I used the logic of this solution, although it’s in Go: https://dev.to/stefanalfbo/single-byte-xor-cipher-1mlo

There is at least one more for Python that uses Fitting Quotient, to measure matching between two letter frequency distributions: https://www.codementor.io/@arpitbhayani/deciphering-single-byte-xor-ciphertext-17mtwlzh30

In my code: 

1. Starting point is xor_buffer (already done in the previous task)
2. I create a frequency dictionary that has frequency values for 26 English letters.
3. The calculate_score function iterates through all characters of a potenial message.

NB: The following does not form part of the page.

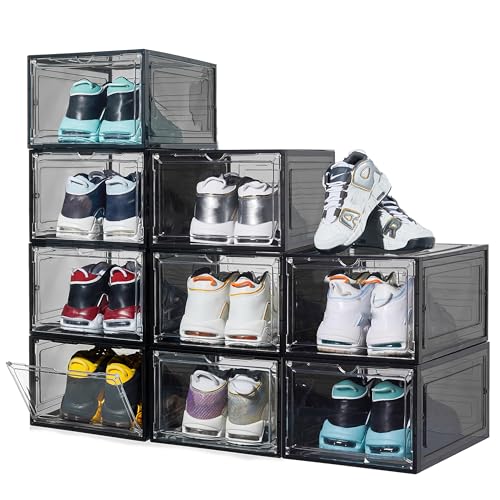 ZLLZUU 9 Pack X-Large Shoe Organizer, Thicken&Sturdy Shoe Storage Box with Clear Magnetic Door, Stackable Shoe Box with Solid Plastic, Shoe Organizer for Closet (Black) - color: Black, size: X-Large-9Pack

If a character is a letter, its frequency value from the dictionary is added to the total score. Spaces get a reward score because they’re an indicator that the decrypted message is plaintext (it’s a cheat since there’s a hint about that). The solution doesn’t work without adding spaces to the equation. Other characters get a penalty.
4. The solve_single function decodes the hex string we know about into a byte buffer.
5. It then begins a brute-force loop that iterates through all 256 possible single-byte key values. Inside the loop, the single key byte is repeated to create a full-length key_stream matching the cipher length.
6. The XOR combination function is applied to the ciphertext and the key_stream to produce a potential message. It is decoded into a string.
7. The calculate_score function evaluates the resulting plaintext string and returns its current_score. If it’s higher than best_score, function updates best_score, best_key, and best_message.
8. Highest best_score signals about the likely found plaintext.
9. Finally, the function prints the key in bytes and integer, along with the decrypted message string.

In [18]:
from typing import Dict, Tuple
from collections import Counter # Counter for frequency analysis

In [19]:
# Create a dictionary for character frequency, assuming the encoded message is plain English 

eng_freq: Dict[str, float] = {'a': 8.2389258,    'b': 1.5051398,    'c': 2.8065007,    'd': 4.2904556,
    'e': 12.813865,    'f': 2.2476217,    'g': 2.0327458,    'h': 6.1476691,
    'i': 6.1476691,    'j': 0.1543474,    'k': 0.7787989,    'l': 4.0604477,
    'm': 2.4271893,    'n': 6.8084376,    'o': 7.5731132,    'p': 1.9459884,
    'q': 0.0958366,    'r': 6.0397268,    's': 6.3827211,    't': 9.1357551,
    'u': 2.7822893,    'v': 0.9866131,    'w': 2.3807842,    'x': 0.1513210,
    'y': 1.9913847,    'z': 0.0746517
                             }

In [20]:
def calculate_score(text_attempt: str) -> float:    
    score = 0.0
    
    for char in text_attempt:
        # character to lowercase
        lower_char = char.lower()
        
        # Check if the character is in English
        if lower_char in eng_freq:
            # add its frequency weight if it's a letter
            score += eng_freq[lower_char]
        elif char == ' ':
            # add blank space to scoring
            score += 10.0
        else:
            score -= 10.0
             
    return score

In [21]:
def solve_single(hex_cipher: str) -> Tuple[bytes, int, str]:    
    # Decode hex into bytes
    cipher_bytes = bytes.fromhex(hex_cipher)
    cipher_length = len(cipher_bytes)    
    
    # Track best score
    best_score = -float('inf')
    best_key = 0
    best_message = ""
    
    for key_int in range(256):
        # create the stretched key
        key_byte = bytes([key_int])
        key_stream = key_byte * cipher_length
        
        # perform XOR, calculate the potential plaintext
        try:
            plaintext_bytes = xor_buffer(cipher_bytes, key_stream) 
        except ValueError:
            continue 

        # Decode into a string (using 'ignore' for safety, though 'utf-8' is common)
        try:
            potential_plaintext = plaintext_bytes.decode('utf-8')
        except UnicodeDecodeError:
            continue
            
        # Score: evaluate the potential plaintext using the new metric
        current_score = calculate_score(potential_plaintext)
        
        # check results
        if current_score > best_score:
            best_score = current_score
            best_key = key_int
            best_message = potential_plaintext
            
    return bytes([best_key]), best_key, best_message, best_score

In [22]:
hex_ciphertext = "1b37373331363f78151b7f2b783431333d78397828372d363c78373e783a393b3736"

In [23]:
key_bytes, key_int, message, current_score = solve_single(hex_ciphertext)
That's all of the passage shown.